NBC News a contacté plus de 20 entreprises qui ont annoncé qu’elles rembourseraient les employés qui devaient voyager hors de l’État pour recevoir des soins d’avortement. Nous avons demandé précisément comment les politiques seraient appliquées, qui serait couvert et si des systèmes étaient déjà en place.

Amazon, Meta, Disney, Warner Bros. Discovery, Apple, Bumble, la NBA et la WNBA, Zillow, Tesla, Starbucks et Airbnb n’ont pas répondu aux questions.

Dick’s Sporting Goods, CVS et Microsoft nous ont renvoyés à leurs déclarations publiées précédemment, qui ne répondaient pas aux questions.

Le porte-parole de Netflix, Bao Nguyen, a déclaré que sa politique serait disponible pour tous les employés à temps plein et avait été mise en place ces dernières semaines.
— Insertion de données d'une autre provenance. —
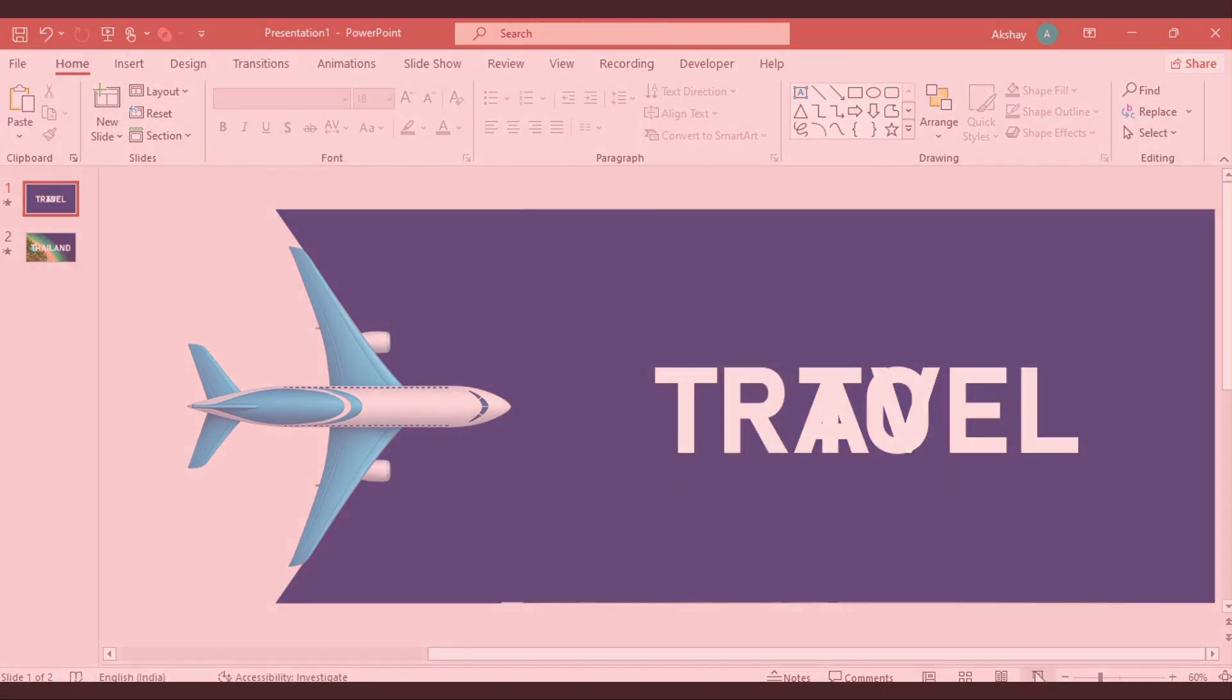Now, click Slideshow and watch your stunning animated travel intro come to life.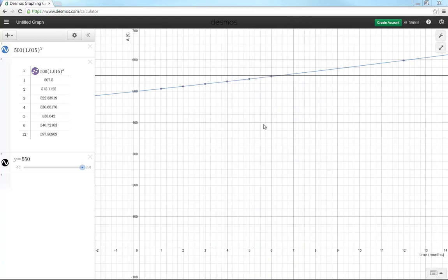That's a little bit about using Desmos. And again, it works inside a browser, so it should work on literally any device. I'm using Chrome here for my browser, but you should be able to use Firefox or Internet Explorer, whatever works for you on your particular device. And that's the end of the video. Thank you.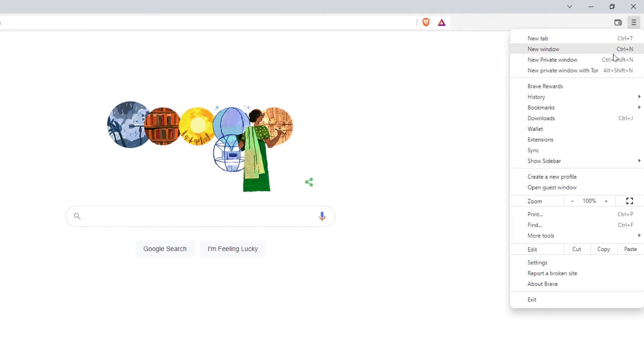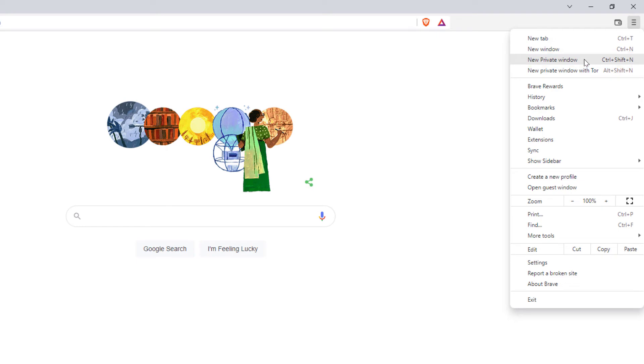Then you want to go down. You can see the third thing down is new private window. That's the type of thing that you would see on the Chrome browser or the Firefox browser and all that one does, it does not record your browsing history to your computer.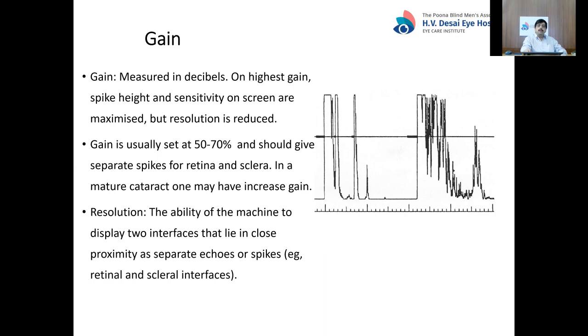If, after adjusting the gain settings, you still do not get a scleral spike, then probably your beam is focused on the optic nerve, where there is no sclera.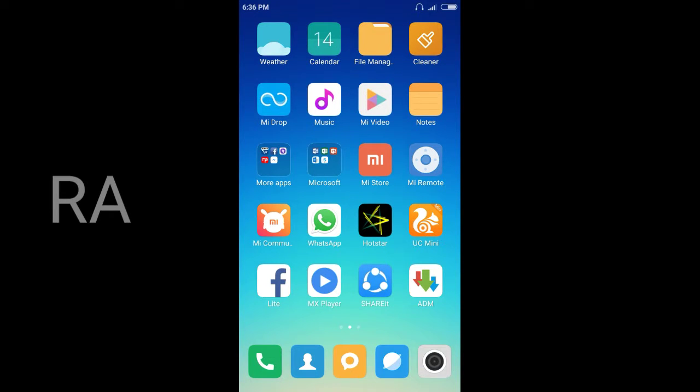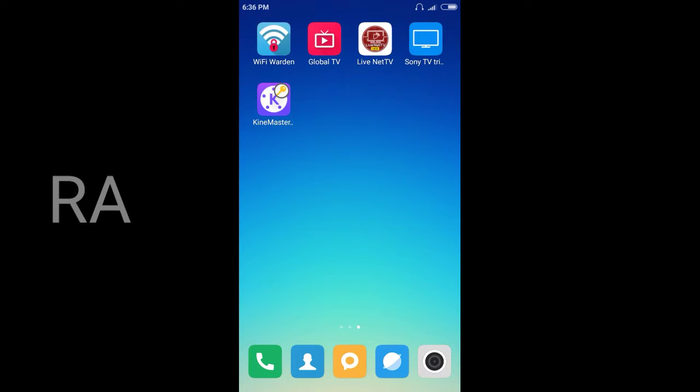First, we will edit the watermark. First, we will edit the KineMaster. You will see the description below. You will install the app. This is the KineMaster. We will install the KineMaster. We will install the watermark.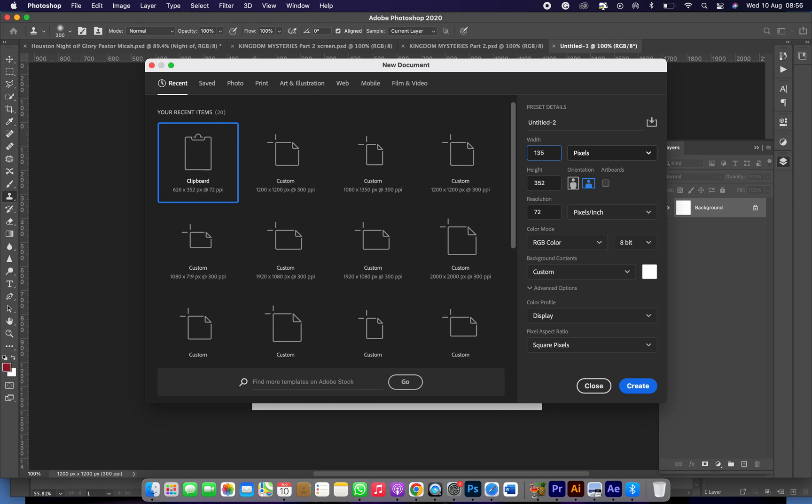Then you come to this place with its 1350 by 1080. The height is 1350, the width is 1080. Then the resolution should be on 300. That's for the portraits, Instagram dimension.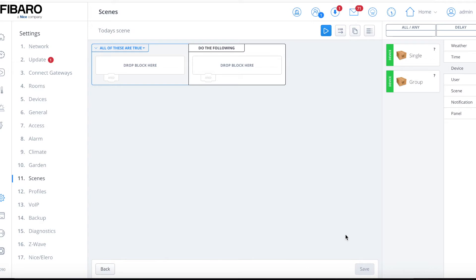Importantly, scenes are very simple in what they do — we can't over-complicate them. Scenes are made up of triggers, process, and outputs. Something happens or changes — you push a button, there's a weather change, a light level change — that's a trigger. The trigger starts the system to check whether conditions are met. That criteria creates our process, which evaluates the trigger and determines what to do. The output is the 'do the following' section — so trigger, process, output.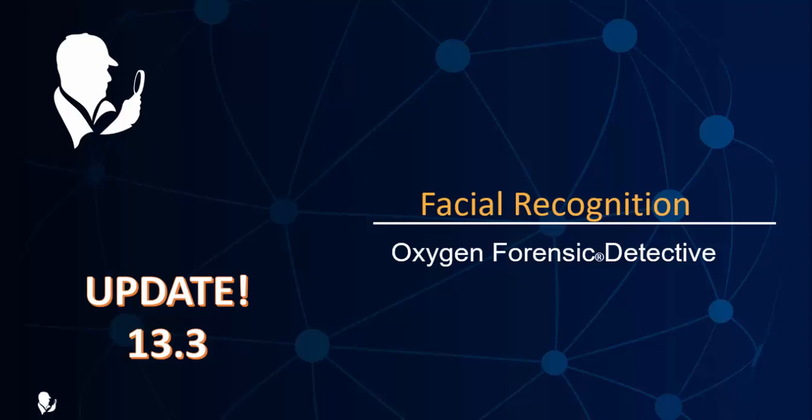Hey everybody, time for a new knowledge nugget. This one is pertaining to facial recognition. We've just updated to version 13.3 and there have been huge changes and improvements. Just watch.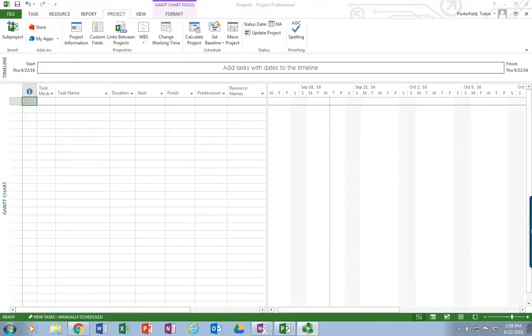In this video tutorial, I'm going to cover the basics of creating your Gantt chart using the WBS in your Microsoft Project 2013.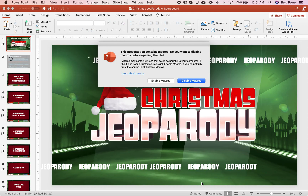Hey everybody, Reid here. I'm going to show you how to use this Christmas Geo Parity PowerPoint file. The first thing you might notice when you open up the file is that it gives you this Enable Macros setting.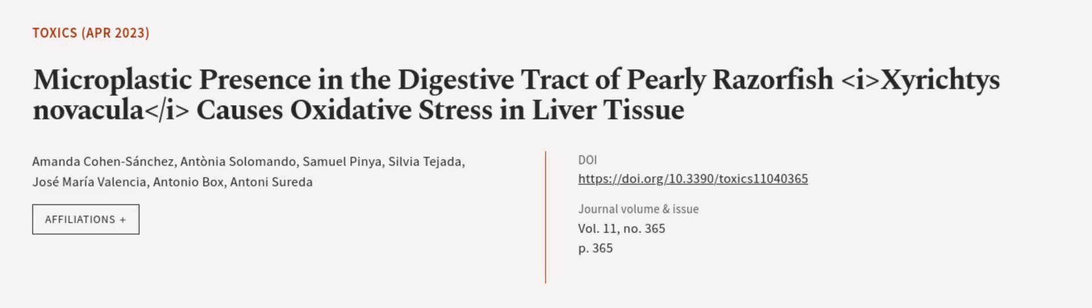This article was authored by Amanda Cohen-Sanchez, Antonia Salamando, Samuel Pina, and others. WeAreArticle.tv, links in the description below.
Nguyen a déclaré que les employés utiliseraient leur assurance maladie pour recevoir un remboursement de voyage et n’auraient pas à divulguer la raison de leur congé.

“Nous avons une politique de congés flexible, où les employés prennent les jours de congé dont ils ont besoin (au lieu d’avoir à soumettre une demande aux RH ou à leur responsable)”, a déclaré Nguyen.

Un porte-parole de H&M a déclaré que “le programme d’aide financière aux employés de la société est destiné aux employés américains éligibles qui peuvent résider dans un État qui restreint ou interdit les services d’avortement”.

Les employés à temps partiel et à temps plein sont éligibles, selon l’entreprise, et “les employés peuvent demander en toute confidentialité une aide financière d’urgence de ce fonds en postulant en ligne via un portail Web interne”.

LiveNation a également déclaré que ses procédures de demande de prestations resteraient confidentielles.

SAP, la société de logiciels dont le siège est en Allemagne et qui compte plus de 105 000 employés dans le monde, a présenté le plan le plus complet.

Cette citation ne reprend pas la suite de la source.